Kedua, saya akan cerita apa itu hiperrealita.
Sederhananya, ketika Anda beli segelas kopi di coffee stall bermerek tertentu seharga Rp 40 ribuan, mengapa segelas kopi bisa begitu mahal?
Anggaplah harga dasar kopi itu Rp 7 ribu, maka Rp 33 ribu sisanya Anda membayar harga sewa sofa outlet dan membeli simbol coffee stall asing itu. Angka Rp 33 ribu itulah hiperealita. Sebuah kondisi mental yang menganggap sesuatu itu nyata dan kita butuhkan melebihi kebutuhan dasar kita sendiri.
(Untuk diketahui, istilah hiperalita diperkenalkan oleh filsuf Prancis bernama Jean Baudrillard dalam buku Simulacra, 1981).
Kita sesungguhnya tidak akan menemui hiperealita sedahsyat kemarin andai saja tidak ditemukan yang namanya facebook, instagram, twitter, dan teman-temannya.
Tiba-tiba datanglah Covid-19. Mendadak kita semua takut keluar rumah, takut berkerumun, aktivitas di luar dibatasi. Apa-apa serba dari rumah. Lalu bagaimana nasib para hiperrealista? (sebutan saya untuk pelaku hiperrealita).
Coffee stall asing itu sepi, kafe sepi, mal sepi. Tidak ada orang yang meng-uplod imej-imej mereka di outlet-outlet pendongkrak citra diri itu. Masihkah relevan kebutuhan akan luxury, prestise, dan status hari ini? Masih mungkinkah kita membutuhkan itu? Atau kita langsung ke puncak pertanyaannya: masihkah dibutuhkan hal-hal seperti itu hari ini?

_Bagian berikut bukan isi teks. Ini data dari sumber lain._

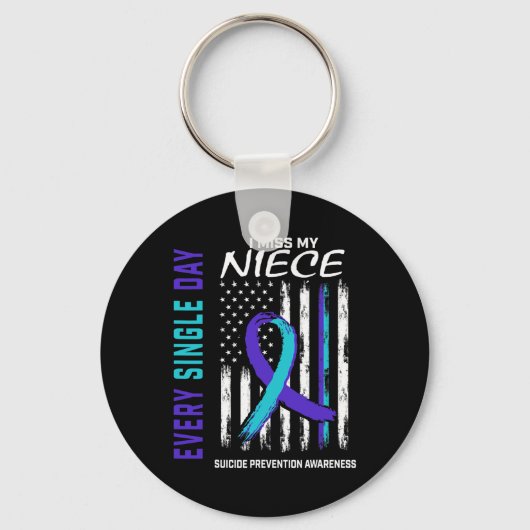 Porte-clés Je Manque Ma Nièce Prévention Du Suicide Ameri (Recto)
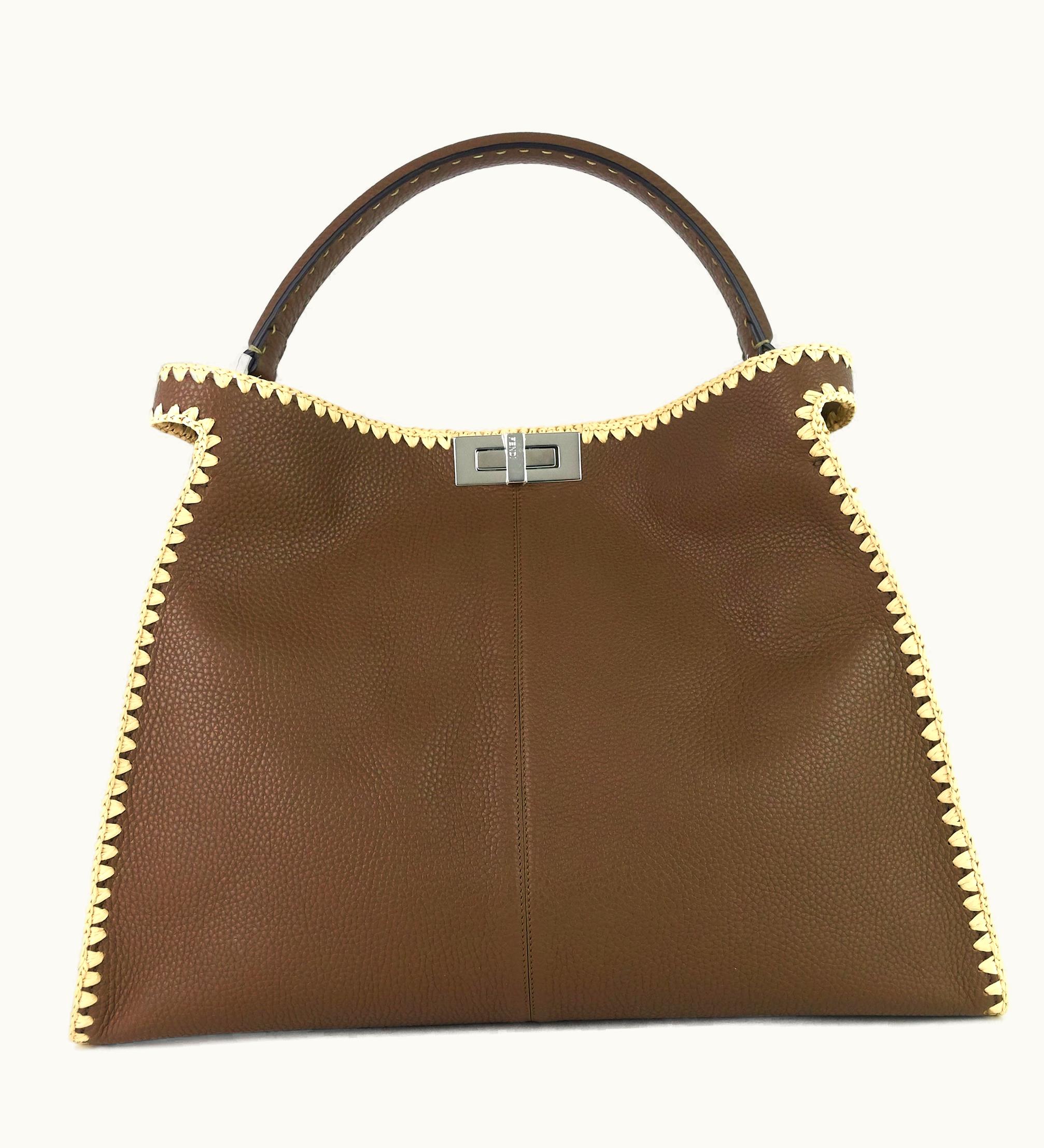 Fendi Fendi Peekaboo X-Lite Large Pebbled Calfskin And Raffia Tote Bag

Pandemi Covid-19 ini ibarat tombol resert. Sekali ditekan langsung semua berbondong-bondong menuju ke titik awal. Kita sudah merasakan PSBB, di mana pada masa itu kita diarahkan untuk melakukan segala hal yang kita butuhkan saja. Ini kabar buruk untuk usaha seperti pariwisata, hotel, mal, kafe-kafe, dan semua usaha yang menjadikan citra, luxury, atau prestise sebagai core bisnisnya.